Although we did not apply dimensionality reduction in the present analysis, we acknowledge that this remains a promising avenue for future research. Prior work has employed PCA, spherical harmonic decomposition [67], surface eigenmodes [68], cortical gradients [69], and deep generative models such as variational autoencoders [70] to reduce feature dimensionality while preserving meaningful structure. The potential impact of these dimensionality reduction approaches on classification performance should be explored in dedicated follow-up studies.

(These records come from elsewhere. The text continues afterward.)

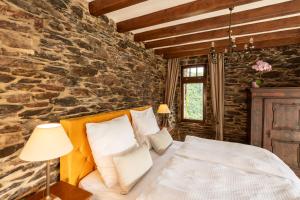a bedroom with a bed and a stone wall at Burg Coraidelstein in Klotten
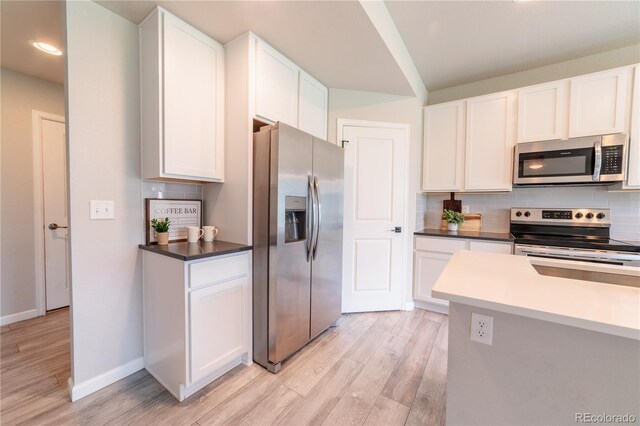 2640 Brookstone Dr Unit B, Milliken, CO 80543 - kitchen featuring stainless steel appliances, light wood-style floors, decorative backsplash, white cabinets, and recessed lighting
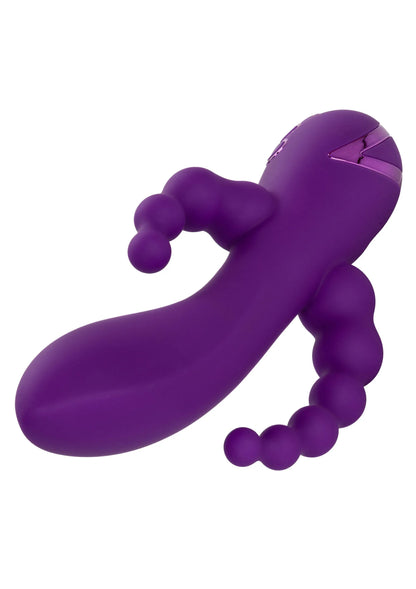 Paarse vibrator met bolle knoppen langs de zijkant en detail aan de kop
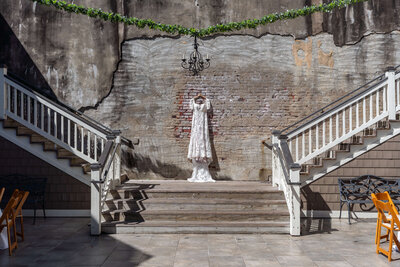 A white lace wedding dress hangs on display between two matching staircases against a weathered brick wall, with a black chandelier and greenery garland above. Sunlight casts shadows on the ground.
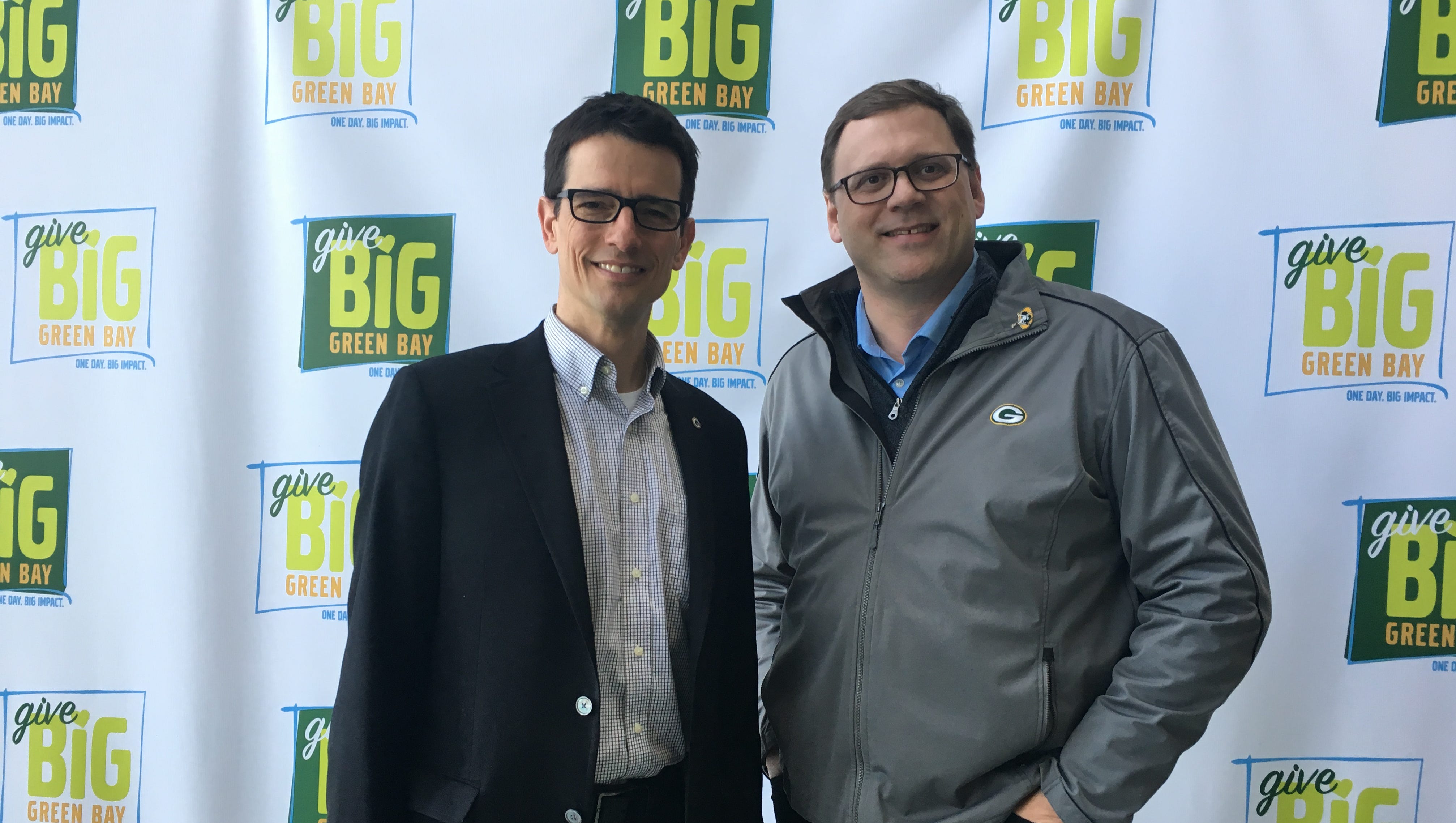 Green Bay Packers Director of Public Affairs Aaron Popkey, left, and Dennis Buehler, president of the Greater Green Bay Community Foundation at the end of the 24-hour Give Big Green Bay fundraiser.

A potential limitation of this study is the absence of modeling based on MDD subtypes. While studies have proposed various subtyping schemes to address the clinical and biological heterogeneity of MDD, there is a wide range of subtyping approaches and most were derived from small samples (e.g., [71]), with limited replication or independent validation. For this reason, we intentionally chose not to include a subtyping step. This decision avoids reliance on uncertain stratification and reflects a key strength of the approach: classification performance could have direct clinical applicability, independent of MDD subtype definitions. Nonetheless, we acknowledge that the presence of unmodeled heterogeneity within the MDD group may have contributed to the lack of discriminative performance observed. Another important limitation is the lack of detailed ethnic and genetic information across the full sample. Sociocultural and genetic diversity are known to influence both brain morphology and disease expression, and their absence may affect the generalizability of the findings. These remain open challenges for future research aiming to enhance the specificity and robustness of neuroimaging-based classifiers for MDD. In particular, large-scale studies incorporating diverse populations and robust subtyping frameworks may offer insights with broader international applicability.

Conclusion

In this study, we tested if more advanced classification algorithms applied to high-resolution morphometric shape characteristics can improve MDD vs HC classification. Splitting the data according to demographic variables and according to site allowed a comprehensive analysis of model’s performances and biases. We detected site effects, which we addressed at least partially with the ComBat harmonization tool, but did not increase classification metrics. Both shallow and deep ML models exhibited low, close to chance accuracies. Most importantly, the integration of high-resolution cortical thickness and shape features from vertices did not lead to greater classification performance over previously analyzed atlas-based cortical features. According to our results, it seems unlikely that structural MRI alone will provide diagnostic biomarkers of MDD. Thus, further investigation is required into the classification performance applied to the fusion of other MRI modalities, including fMRI and DWI.